Where I worked before, they had internal per-hour costs of between $75 and $100/hr. So whenever they would estimate something, they multiplied the projected number of hours to complete by those per-hour values to arrive at the estimate. That will be the basis of comparison. If the cost is less or it's about the same as buying it off the shelf, and it creates a new internal capability for them, then they'll choose to build instead of buy. If the cost to build it internally, after factoring licensing and consulting support costs, if it costs less, they will build it themselves. So, there is a limit to what companies will pay. It's not as subjective as you think.
Another caveat: If you are selling a completed large software package to a business with an IT shop, then there is one extra benefit where you can capture enormous value that throws out the whole "What would it cost if we built it?" calculation. That benefit is that the product is complete. And by that I mean you successfully built it. This is a benefit because corporate IT has a long history of failed software projects, and they tend to have doubts about their ability to build fairly complicated software internally. This is probably where the most blue-sky is sold in software.
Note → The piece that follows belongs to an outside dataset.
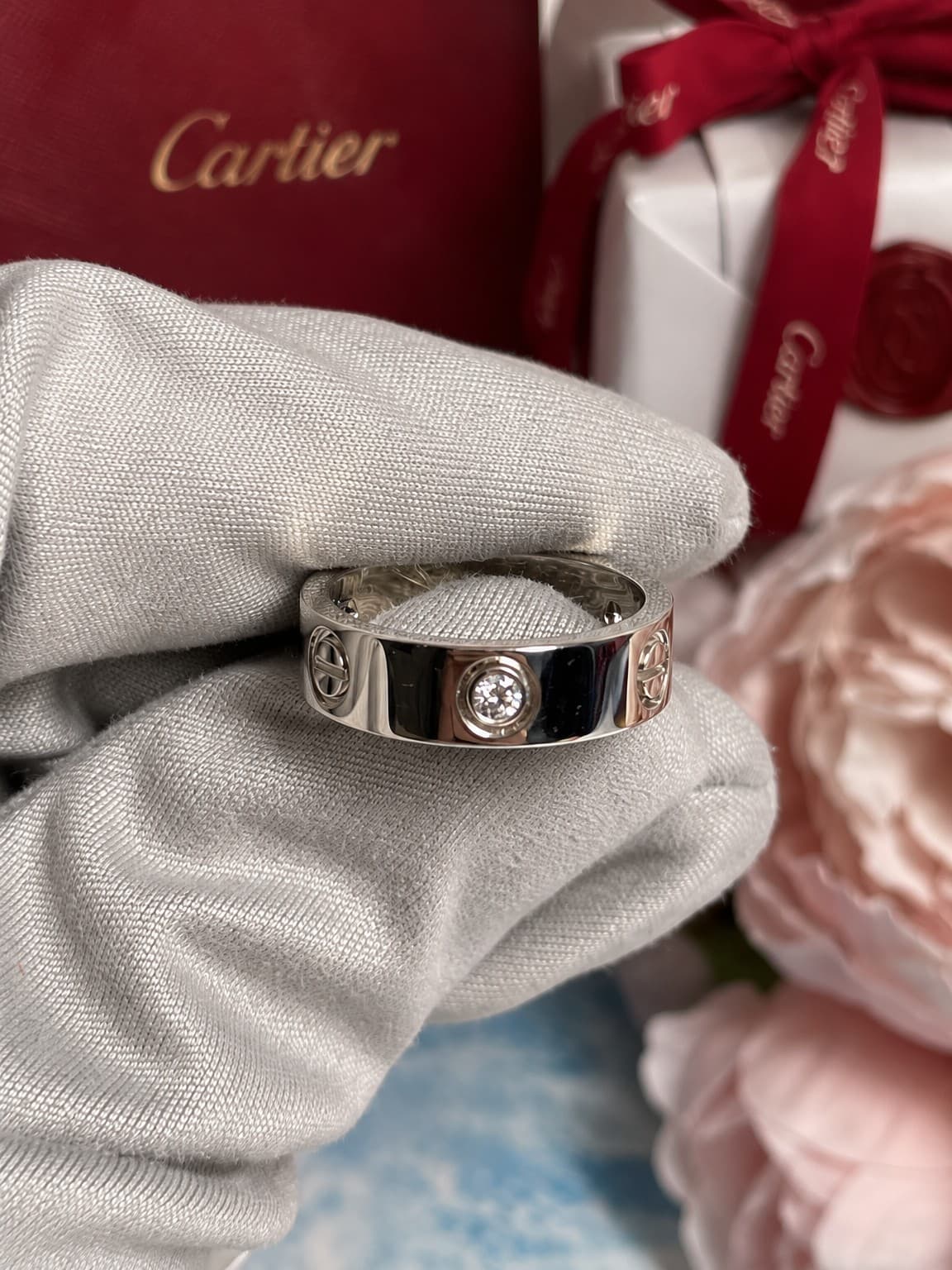 Cartier Кольцо Cartier Love уменьшенная модель с 3 бриллиантами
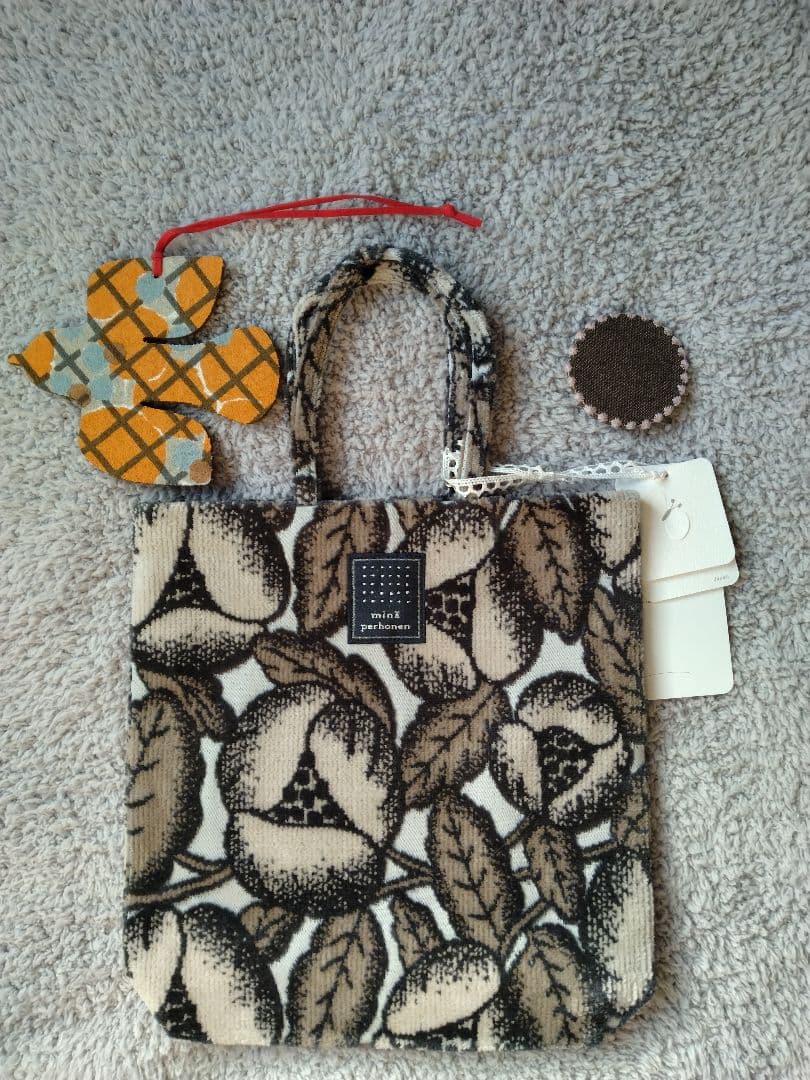 ミナペルホネン jardinトーストバッグ　バッジ　タンバリン トリチャーム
If that isn't the primary driver for IBM's and Oracle's success (its probably brand at this point) then its a secondary reason.
So it may seem arbitrary from your perspective, and you think "Geez, companies really pay a lot for software", its really not arbitrary at all. Its just that their tolerance for paying is based on their internal costs. Its not really a value perception, its whether they can build it or not or whether they will get any other benefit from building it themselves (such as training the new guy to develop apps).
At one very, very large firm, I was tasked with evaluating mobile asset tracking software. The vendors were very astute. They were charging very close to what it would cost us to build the same solution, so to us the pricing was very reasonable, and it had the added benefit of ongoing support and limited upgrades. However, they lost the bid simply because we felt like we wanted to develop the mobile development capability within our staff.
3) You're out of the running if you use the wrong technology
The #1 requirement you're going to run into all the time is that companies want to self-host their solutions, and if they want to self-host, they'll probably only tolerate 3-4 technologies. Generally those technologies are:
- +1-2 random scripting languages (Perl, Ruby, Python, etc). Typically, these are only used for batch scripting, so don't get your hopes up.
More about architecture considerations in an upcoming post. Also, in an upcoming post, we'll talk about an actual list of ideas for products you could build for this market.
 Note: We are really talking about price-sensitivity as it pertains to total-cost-of-ownership. In per-seat or per-installation licenses, they go nuts when the price is $20 more, but 1-time purchases create much less chaffing, even when there is an order of magnitude of price between competitors.